= What the task requires =
Using the records below, give again exactly the lines from the line that contains "Used 2026 Chevrolet" through the line that contains "Блок управления климатом Рено Логан 2", both ends included, and only those.

= Given records =
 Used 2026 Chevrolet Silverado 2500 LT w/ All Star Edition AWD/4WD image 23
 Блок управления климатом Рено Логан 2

...

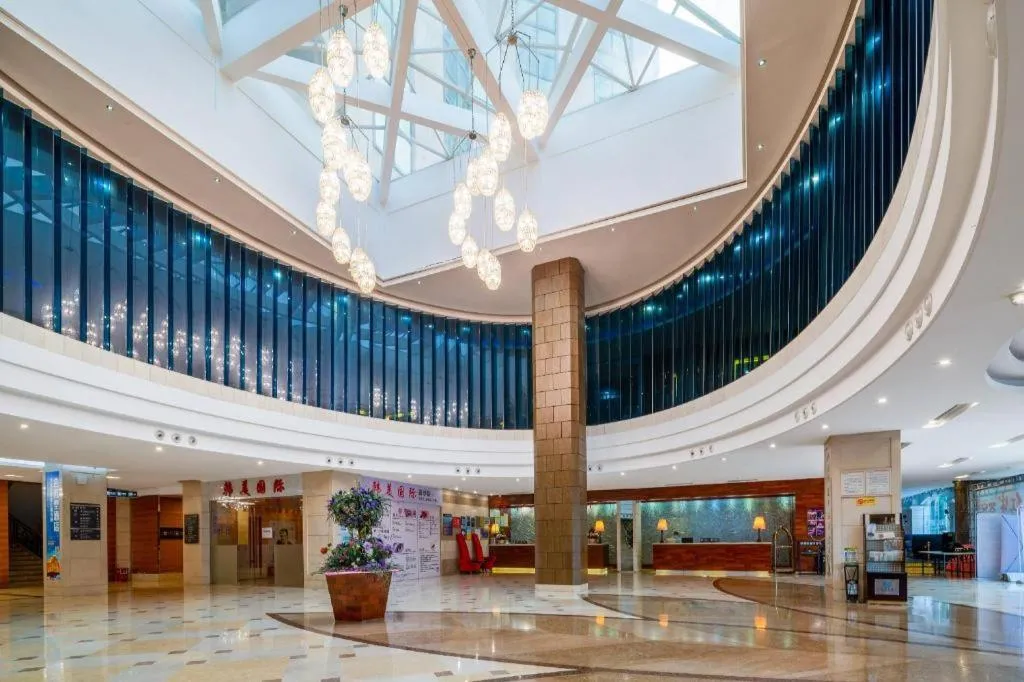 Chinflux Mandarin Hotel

...

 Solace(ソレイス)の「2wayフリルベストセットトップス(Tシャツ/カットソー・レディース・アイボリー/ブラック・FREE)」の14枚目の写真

= Written reply =
 Used 2026 Chevrolet Silverado 2500 LT w/ All Star Edition AWD/4WD image 23
 Блок управления климатом Рено Логан 2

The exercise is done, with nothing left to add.